--- START ---
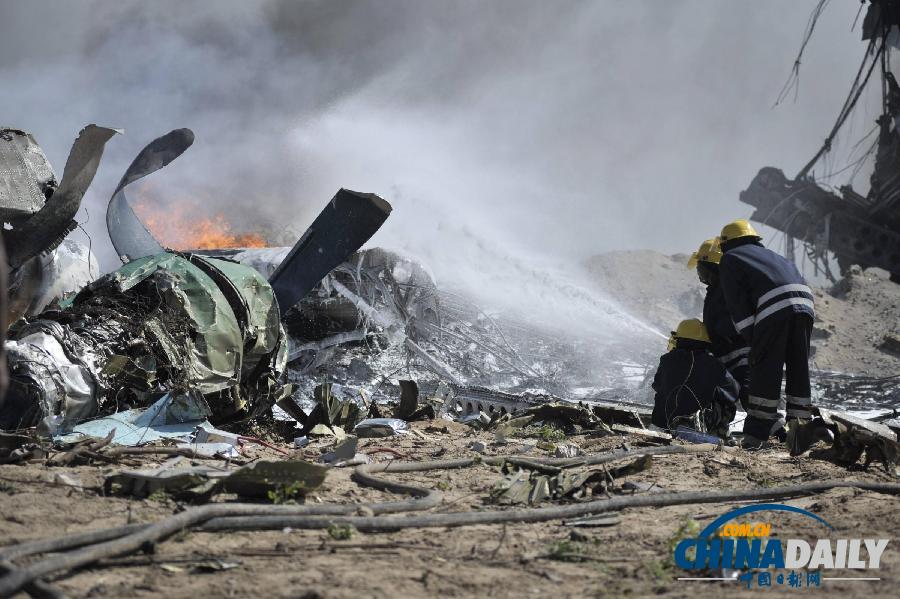 一架满载武器的军用飞机在摩加迪沙国际机场坠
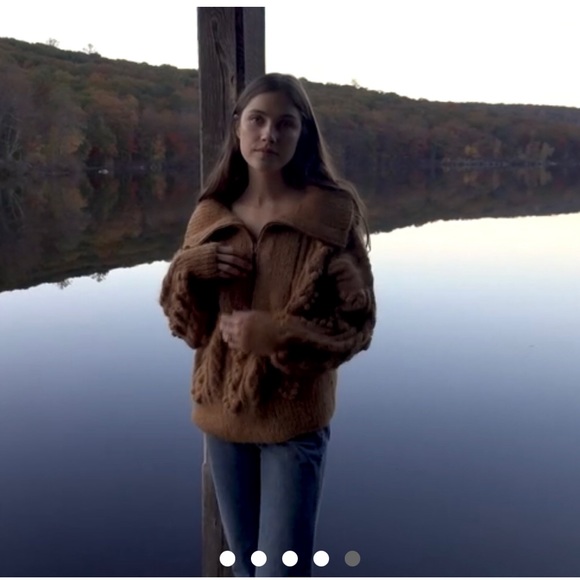 ❌SOLD❌Doen Lyon Sweater NWT - Picture 3 of 6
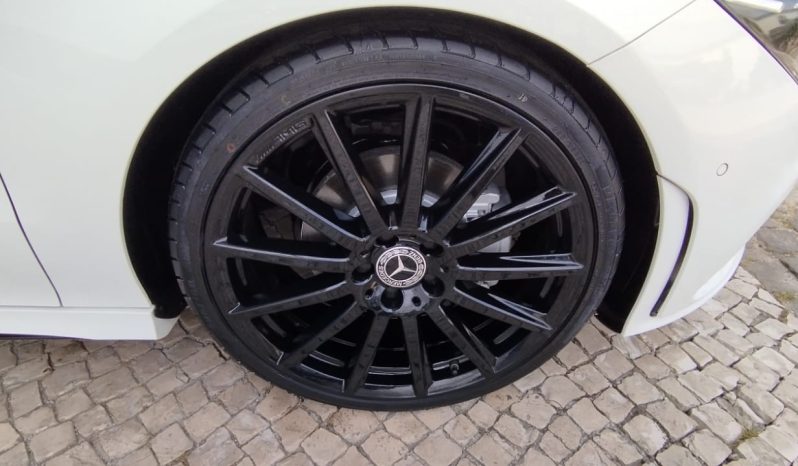 Mercedes-Benz CLA 180d AMG completo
--- END ---
*Directions*
Could you print the material above word for word and skip the images?

*Written response*
 一架满载武器的军用飞机在摩加迪沙国际机场坠
 ❌SOLD❌Doen Lyon Sweater NWT - Picture 3 of 6
 Mercedes-Benz CLA 180d AMG completo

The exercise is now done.